The white supremacist, who gave no evidence in his defence, shouted "Britain first" as he fired three shots at his MP and stabbed her 15 times.
He gave no reaction as he was convicted on all counts.
The MP's family sat in silence in the packed courtroom as the verdicts were delivered.
As she lay mortally wounded in the street, the MP for Batley and Spen tried to protect her aides by urging them to leave her and save themselves.
During the trial Mrs Cox's family were left in tears as her constituency caseworker Sandra Major described the MP's selfless response as she came under attack from Mair.
She told jurors: "He was making motions towards us with the knife and Jo was lying in the road and she shouted out 'get away, get away you two. Let him hurt me. Don't let him hurt you'."
Her account prompted Mrs Cox's widower Brendan to tweet, "this is who Jo was".

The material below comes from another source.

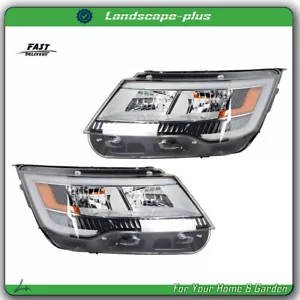 LH+RH Pair Headlights Assembly w/ LED DRL For 2016-2019 Ford Explorer Chrome - Picture 1 of 12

Her colleague Fazila Aswat hit Mair with her handbag and pleaded with Mrs Cox to think of her two young children and get up and run.
Despite being too hurt to move away, Mrs Cox's thwarted Mair's initial attack as she shielded her head with her hands.
Mair briefly walked away to reload the adapted sawn-off .22 rifle before returning to shoot and stab her again.
Passer-by Bernard Kenny, 78, was stabbed as he tried to halt the onslaught by jumping on Mair's shoulders from behind.
The pensioner said: "Just as I got short of him he turned around and saw me. He shoved the knife in and it hit me in the stomach.
"The blood started pouring out between my fingers. I saw the blood and I thought 'Oh my God'."
Mr Kenny, who by coincidence shared his birthday with Mrs Cox, staggered back and "flopped" down on the steps of a sandwich shop.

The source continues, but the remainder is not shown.